N = (5n+1)(5/4)^5 + (5/4)^4 + (5/4)^3 + (5/4)^2 + (5/4) +
1
= 15n + 11 + (n+1)/4 + (n+1)/128 + (n+1)/1024
Since 4 and 128 are both multiples of 1024 we can simply say
n = 1024c-1, c = 1,2,...
N = 15625c - 4, c = 1,2,...
The seven bridges of Koenigsberg
This one is a classic from topology. In the Prussian city of Koenigsberg (Modern ???) there are two islands in the river with seven bridges thus:
---v--v-------v----
/ | | | \
/ --^--^--- --^-- \
--- | | | | -------
| >--< |
--- | | | | -------
\ --v--v--- --v-- /
\ | | | /
---^--^-------^----
A popular passtime of the inhabitants was to try to cross
every bridge only once. Prove that it can not be done.
Ha! The thirteen coin problem!
bwtaylor:
It's possible to
do this with thirteen coins. Work that one out! 8)
Hmm... Well you'll be having trouble - It can't be done. I didn't count up how many coins were being measured in each go, obviously the scales are supposed to balance with each measure, but mine weren't. 12 is the maximum.

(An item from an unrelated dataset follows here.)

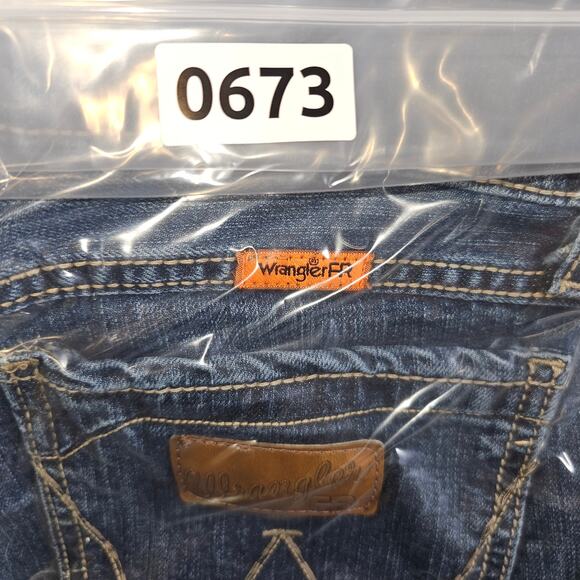 Wrangler Mens FR Boot Cut Medium Dark Wash Flame Resistant Jeans 32x32 - Picture 12 of 12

At most you can search for (((3^n)-1)/2)-((((3^n)-1)/2)%2) coins so that the scales will balance. Searching for ((3^n)-1)/2 coins will require an extra measuring to callibrate the scales if it is not divisible by two. The -1 is required to eliminate the zero permutation (where one coin is not measured) since it does not tell us whether the forgery is heavier or lighter
For those who are having trouble with 12 coins, the trick is to stop thinking like a programmer and start thinking like a mathematician. Trying to walk a tree in your head is going to lead you no-where.
rillian's frog
It would have to be induction with the frog being perpendicular to the field and, my intuition says, there should be some resitance to rotation. But don't flame me if I'm wrong - It's been five years since I did any physics.